Online Travel Vietnam: At first glimpse of a pot of Canh Bun, many people may mistaken it with Bun Rieu (Crab Noodle Soup).
Similar to Bun Rieu, they both originated from Northern Vietnam but this dish is definitely different in taste and texture.
Canh Bun's broth and rieu (crab mixtured) are much lighter. Canh Bun's rieu is soft and fluffy while Bun Rieu's rieu is sturdy. In addition, it doesn't have tomatoes; the noodles are thicker and they have the reddish color once cooked in the broth and eaten with boiled water spinach or rau muong.
This is one of the dishes that I used to enjoy in the afternoons in Saigon as a kid. I couldn't recall all the condiments in Canh Bun but I do always remember a distinctive reddish broth, thick noodles, fried tofu, huyet (conjealed blood), fried tofu and the main ingredient riêu made of field crab paste (cua đong xay) and rau muong. As you know these are usually sold as street foods on carts or carried throughout the neighborhood in dong ganh (bask̀ets). Everytime the lady with Canh Bun came by, the extremely fragnant broth would turn in me into Povlav's dog.
The other morning, I woke up and it was cold and immediately I wanted a comforting dish that would warm up our tummies. Sure enough my senses lead me to the aroma of canh bún.
Since I didn't have field crabs to make riêu, I used the combination of shrimps, dried shrimps, crab meat and crab paste with Soya Bean Oil instead. The rieu turned out not as fluffy as I had hoped but it was tasty. I used Annatto seeds to get the color instead the red color powder which I wonder if any Asian grocery stores carry it; therefore, it didn't have the reddish color that you would see in canh bún. I also added escargot (oc buu) which is my husband and surprisingly my daughters's favorite. My husband didn't care much for canh bun the first time he tried it in southern California, but after trying my recipe, he requested it again a few days later. This time, I went to an Asian grocery store to hunt for field crab paste. I came upon the last 2 jars.
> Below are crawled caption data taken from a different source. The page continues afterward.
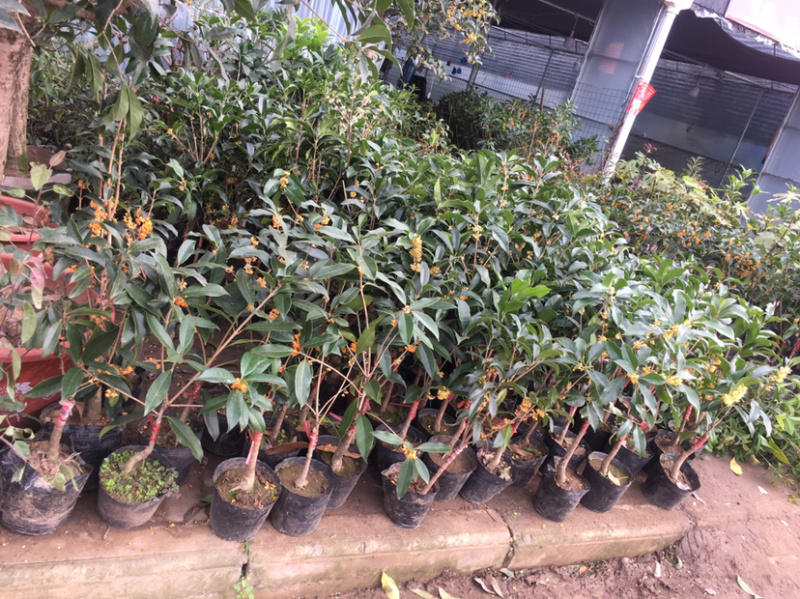 桂花树苗盆栽嫁接庭院地栽四季开花室内金桂树丹桂浓香型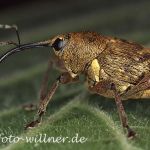 Haselnußbohrer Foto W. Willner2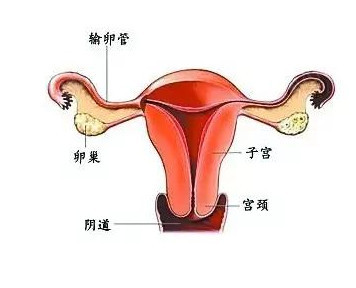 女人子宫切除的危害有哪些有什么影响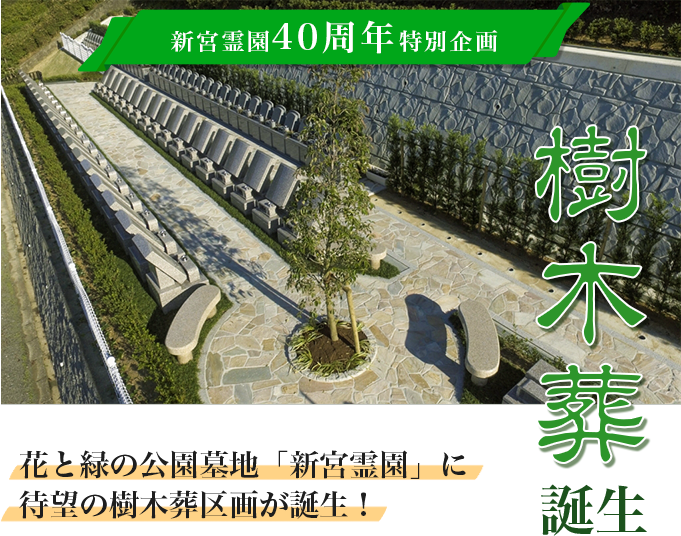 新宮霊園に樹木葬区画が誕生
Bare in mind that the smell of field crab paste is quite pungent but has a mild taste. I remember seeing my friend's family preparing this paste from grounding whole field crabs in a mortar.
Canh Bun made with crabfields takes less time to prepare as it's already made into paste. In the recipe below, there are directions for both rieu cua (crab rieu) and rieu cua dong (field crab rieu). Authenticity would favor the recipe with field crabs.